Zumal sich Sirius auch mit technischen Mängeln von der Konkurrenz abgrenzt. So könnt ihr die Kamera von der übersichtlichen Luftansicht in eine bodennahe Perspektive wechseln – was völlig sinnfrei ist, da ihr so nicht auf den Großteil eurer Machtfähigkeiten zugreifen dürft. Warum haben es die Entwickler nicht bei ihrer „Strategieansicht“ belassen und sie lediglich mit einem stärkeren Zoom nach unten versehen? Dann müsste man sich auch nicht mit der unglücklichen Steuerung des „Action-Modus“ quälen.

Mit der Actionansicht könnt nah ans Geschehen fahren – gut steuern lässt sich das Action-Rollenspiel so allerdings nicht.

Denn die Figuren bewegen sich dort nicht relativ zu der per Maus gewählten Blickrichtung, sondern laufen mit einem Druck auf „vorwärts“ stets nach vorne – zur Not genau in den Kameramann hinein. „3rd-Person-Action“ ist den Entwicklern scheinbar kein Begriff.
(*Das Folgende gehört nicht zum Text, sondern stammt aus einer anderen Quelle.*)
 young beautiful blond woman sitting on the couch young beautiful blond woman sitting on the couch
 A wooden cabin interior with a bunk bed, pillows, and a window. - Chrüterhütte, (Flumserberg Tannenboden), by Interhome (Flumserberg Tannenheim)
Es ist zudem wenig sinnvoll, dass der jeweils oberste Gegenstand im Rucksack per Schnellwahltaste genutzt werden kann. Sprich: Ihr bestimmt die wichtige Medizin für den schnellen Einsatz im Kampf nicht, wie sonst üblich, selbst. Stattdessen wühlt ihr in den ohnehin oft unübersichtlichen und schnellen Gefechten im Inventar. Da ist es nicht gerade hilfreich, dass ihr im pausierten Zustand keine Aktionen ausführen dürft… Das ist besonders ärgerlich, wenn ihr mit Boris unterwegs seid, dessen Spezialität das Anwerben und Dirigieren von Handlangern ist. Der ehemalige Polizist ist im Gegensatz zu seinen Ergebenen nämlich so verwundbar, dass ihr nach bleigeladener Hektik häufig einen Speicherstand laden werdet. Um ein Ableben der taffen Angel braucht ihr euch hingegen kaum Sorgen machen. Aber selbst die Nahkampf-Spezialistin braucht Unterstützung – so wartet ihr denn mitunter Minuten, bis sich die Leiste für den Einsatz der Machtpunkte wieder gefüllt hat und fragt euch, ob es schwierig gewesen wäre, eine Funktion zum Vordrehen der Zeit einzubauen… „Glück im Unglück“ gilt für die gelegentlichen Abstürze nach Missionsende. Denn die werfen euch zwar aus dem Spiel, das unmittelbar davor allerdings einen Speicherpunkt setzt.